▶ _Exercise objective_: Every line below from the one containing "英俊的白人男子 身穿宽松的白色毛衣 手牵着嘴" through the one containing "Building Photo - Move" must be transcribed exactly. Omit all lines outside that stretch.

▶ _Records provided_:
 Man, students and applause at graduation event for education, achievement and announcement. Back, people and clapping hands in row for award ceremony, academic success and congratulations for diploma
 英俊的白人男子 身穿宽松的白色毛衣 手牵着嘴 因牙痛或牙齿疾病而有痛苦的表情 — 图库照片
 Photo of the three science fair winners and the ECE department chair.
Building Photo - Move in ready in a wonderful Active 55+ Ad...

--

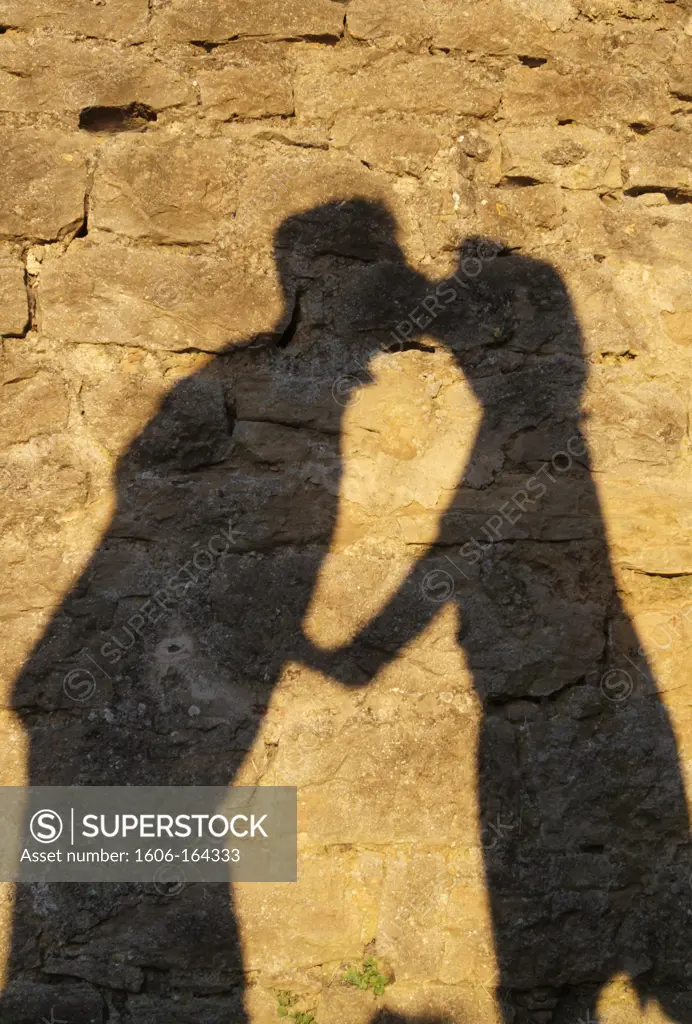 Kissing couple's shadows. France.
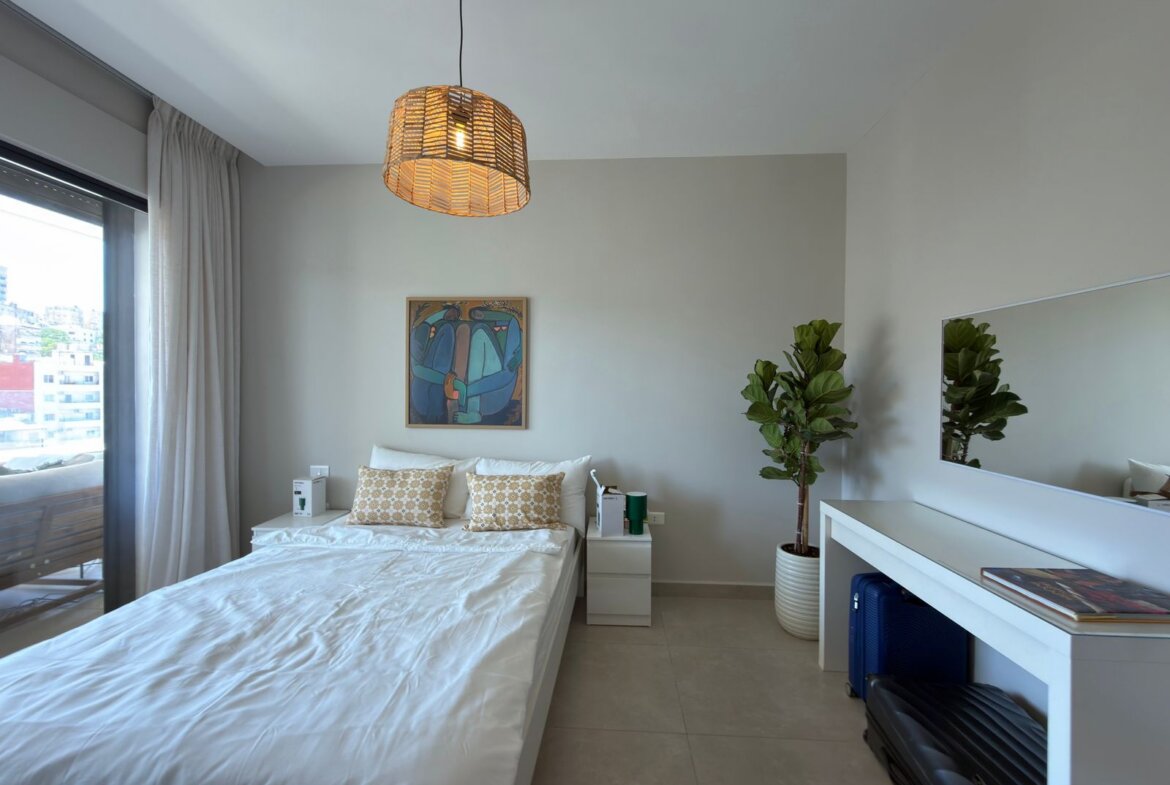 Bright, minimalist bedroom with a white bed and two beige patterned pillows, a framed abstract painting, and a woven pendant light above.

▶ _Problem solution_:
 英俊的白人男子 身穿宽松的白色毛衣 手牵着嘴 因牙痛或牙齿疾病而有痛苦的表情 — 图库照片
 Photo of the three science fair winners and the ECE department chair.
Building Photo - Move in ready in a wonderful Active 55+ Ad...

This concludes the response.